Hatchet III teaser trailer and release date revealed – Adam Green is handing the reigns of his throwback slasher series Hatchet over to first time filmmaker B.J McDonnel for the third installment, but based on this teaser trailer we’d say the project looks to be in good hands.
Victor Crowley is once again stomping around the swamps in Hatchet III, which will open in limited release on June 14. Kane Hodder and scream queen Danielle Harris return for the third film, with Hodder’s Crowley this time squaring off against a search-and-rescue team sent into the swamp to clean up his handiwork. Check out the teaser below.
At first glance, Daniel Lutz looks like an ordinary fellow. He drives a truck for UPS. He plays a pretty mean guitar in his spare time. He likes to tinker with cars. The man is almost completely normal. Sure, he’s a little temperamental – he bristles at being challenged about anything, curses like a sailor, and comes across like a typical alpha male – but he’s a guy you wouldn’t give a second glance if you passed him on the street. It’s only when you look into Daniel Lutz’s face – particularly his eyes – that you start to realize this is a man who’s dealt with some sort of unresolved trauma. Lutz is a chameleon – hiding his emotional scars where only the most observant will find them, but they’re there. The eyes never lie.
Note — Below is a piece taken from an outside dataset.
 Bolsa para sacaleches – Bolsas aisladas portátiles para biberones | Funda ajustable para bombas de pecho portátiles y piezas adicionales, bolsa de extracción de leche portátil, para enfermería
In Lutz’s small town, everyone knows his secret – he was one of the kids who lived in, and eventually fled, the most infamous haunted house in America. Daniel Lutz was a part of the Amityville Horror.
Lutz’s stepfather, George Lutz, married Daniel’s mother and bought the house on Ocean Avenue – the house where Ronnie DeFeo murdered his family a year earlier. What happens after that is a matter of great debate, but according to Lutz and his stepfather, the family fled 28 days later – terrified by the paranormal experiences they lived through inside the home.
George Lutz (who died back in 2006) made a career for himself off Amityville – which became a best-selling book and spawned countless films – but no one’s ever heard from Daniel about what happened inside the house – until now.
My Amityville Horror takes us back to 1975, when young Daniel Lutz lived on Ocean Avenue. Audiences looking for confirmation as to whether the house was really haunted or that the whole thing was a hoax are bound to be disappointed. Filmmaker Eric Walter doesn’t seem particularly interested in rehashing a debate that can be experienced at any hour of the day thanks to the magic of the Internet. Instead, My Amityville Horror is more focused on Lutz’s story of how being “the Amityville kid” affected his childhood and the rest of his life. There’s no doubt that Lutz himself is haunted – but it often comes across like he’s more tormented by the ghost of an awful stepfather than a supernatural pig named Jody.
Walter uses investigative journalist Laura DiDio (who was one of the reporters who broke the original Amityville story back in the ‘70s) to connect with Lutz. Daniel is a guarded man – and after spending his entire life living in the shadow of Amityville and the doubters who think his story is just one more con job, who can blame him? – but DiDio is able to crack the tough exterior and bring out the frightened child within.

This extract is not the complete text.